I referenced David Brin’s book The Transparent Society earlier, and finally published a link to Bruce Schneier’s writing on voting technology last night. They have recently had a back and forth on some very interesting topics.
In The Transparent Society, Brin observes that the powers of state and corporate surveillance are growing exponentially, and that citizens should be able to have similar levels of scrutiny into the practices of governments and companies. I don’t do his overall thesis justice, go buy the book to learn more.

Bruce Schneier’s article, The Myth of the Transparent Society (also posted on his blog), points out that mutual transparency fails to protect citizens because of the power imbalance between individuals and institutions. The marginal value of each information transaction benefits the institutions more, because it can be correlated to their already huge information store.

Brin’s response builds on Schneier’s critique in an interesting way.
Bruce Schneier’s recent column on Wired.com pokes a short-sharp critique toward my 1997 book, The Transparent Society, and its argument that freedom is best served when all citizens have enough knowledge to hold each other reciprocally accountable.

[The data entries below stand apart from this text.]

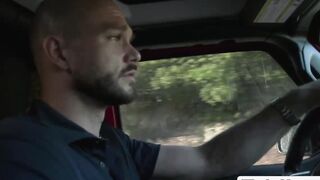 Skinny transsexual sucks dirivers cock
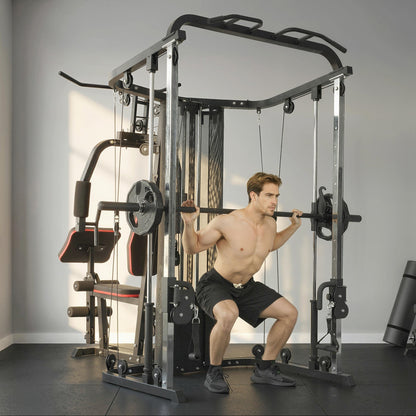 Soozier Home Multi Gym Smith Machine with 143LBS Weight Stack, Cable Pulley System, Chest Station, Preacher Pad, Leg Developer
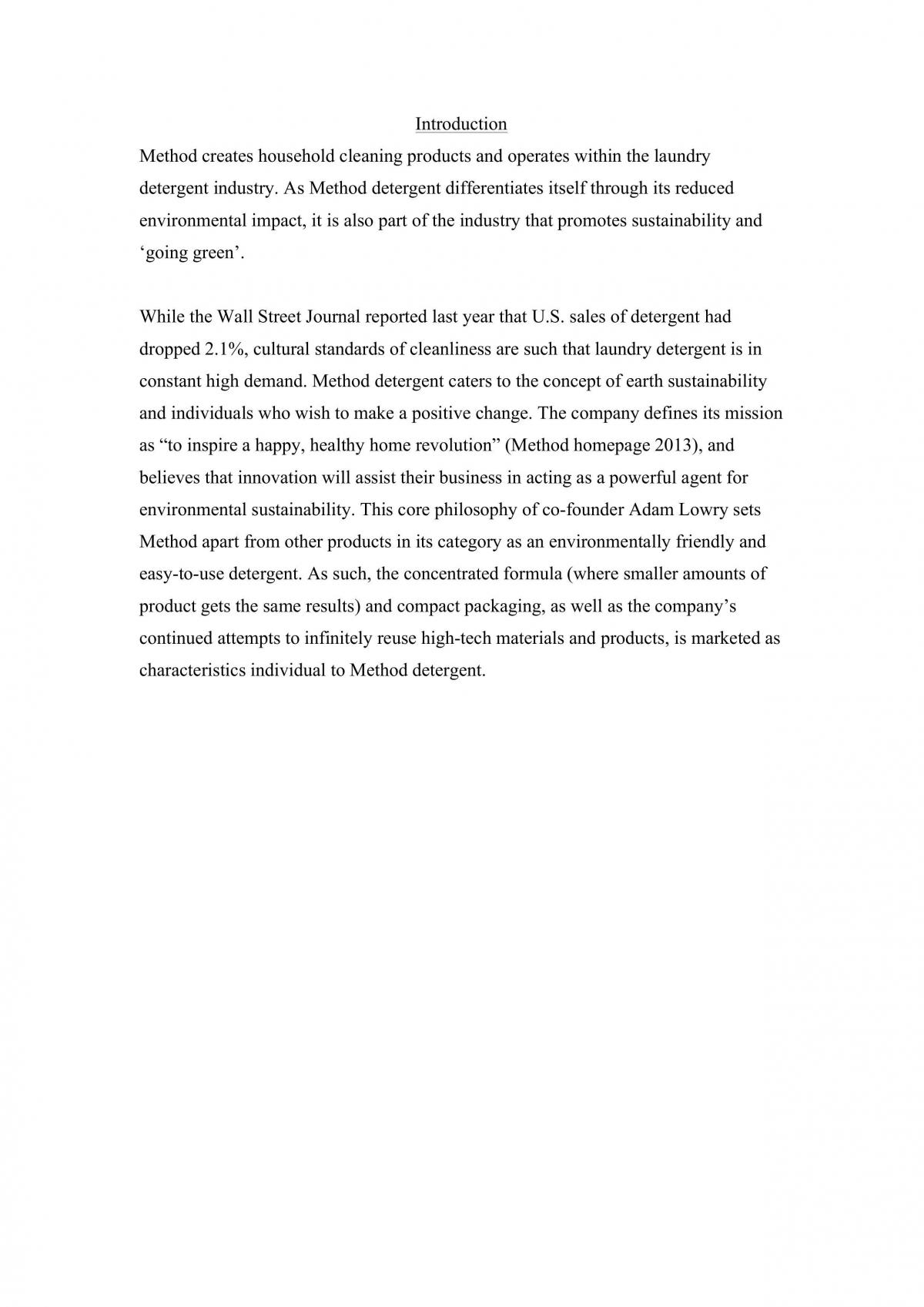 2014 MARK1012 Detergent Case Study Assignment: STAGE 1 - Page 1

Schneier, a noted commentator on internet security, begins by positing, almost as an axiom, that any civilization based upon general, reciprocal openness would be a major departure from our present social contract. Something “different than before.”
Alas, that premise is false right out the gate. For we already live in the openness experiment, and have for 200 years. It is called the Enlightenment — with “light” both a core word and a key concept in our turnabout from 4,000 years of feudalism. All of the great enlightenment arenas — markets, science and democracy — flourish in direct proportion to how much their players (consumers, scientists and voters) know, in order to make good decisions. To whatever extent these arenas get clogged by secrecy, they fail.
An interesting back and forth. I still need to find the time to blog more about transparency with relation to voting machines and voting administration.